The Detroit Pistons scored 106 points against the Portland Trail Blazers last night, five points below their season average which is 24th in the NBA.
They were one of the few teams that didn’t have an offensive explosion last night, as we saw several individuals go off, including Donovan Mitchell, who dropped 71 points for Cleveland. If you were wondering if that trade worked out for the Cavaliers, it did.
LeBron James added a 42 point game, Joel Embiid dropped 42, DeMar DeRozan went for 44 and Klay Thompson put in 54 while knocking down 10 from long range. And that was just last night.
We’ve been seeing individual and team scoring performances unlike anything we’ve seen since the days of Wilt Chamberlain, with players going off for 50+ points an incredible 13 times already this season, and it is not half over.
The NBA is on pace to be near the record for 50 point games, and is crushing it if you take away the time Wilt Chamberlain personally scored 50+ points 30 times in a single season.
But it’s not just individual performances, team scoring is up all around the league. We’re in the midst of an offensive explosion but it has largely missed the Detroit Pistons.

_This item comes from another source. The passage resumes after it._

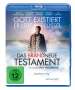 Das brandneue Testament (Blu-ray), Blu-ray Disc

Detroit Pistons missing the offensive explosion
It should first be noted that the Detroit Pistons’ offense has been much better than last season, so this wave of offense hasn’t completely passed them by. It’s their defense that has been historically bad, so you could live with this offense if they were a top-10 defensive team, but they aren’t even close.
But even though the offense has improved from last season (a very low bar to clear), it is still not keeping pace with the rest of the league.

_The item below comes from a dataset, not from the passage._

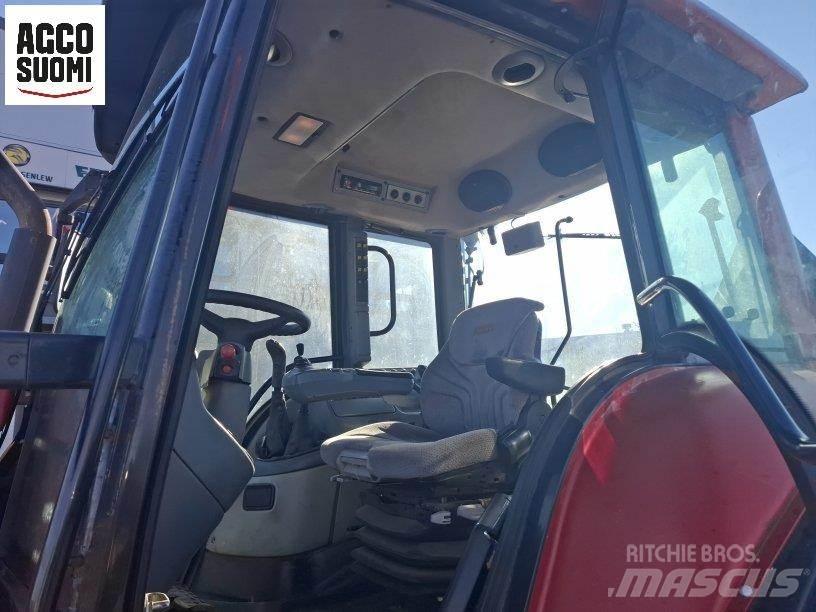 Valtra T150 Tractors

According to Basketball Insiders, the league has the highest offensive rating (111.3) in its history and is also shooting the highest free-throw percentage (78%) and has the highest effective field goal percentage (54%) we’ve ever seen.
The Detroit Pistons are doing their best to lower those numbers, as they are one of eight teams in the league with an offensive rating that is lower than the league average. While teams like the Boston Celtics have an offensive rating of 118 per game, the Pistons are just below league average at 111.2, near the bottom of the league.
Their free-throw percentage is also below the league average and their 51.5 percent effective field goal percentage, which is the lowest in the NBA, is nearly three percentage points lower than the league average.
The Pistons have only had a player score 30 or more points four times this season and three of them were by Bojan Bogdanovic, with the other from Cade Cunningham before he got hurt.
We’ve never seen offense like this in the NBA, and it seems like new scoring marks are being set just about every night. But it’s still brick city in Detroit, whose offense has not improved with inflation, putting them in a scoring recession.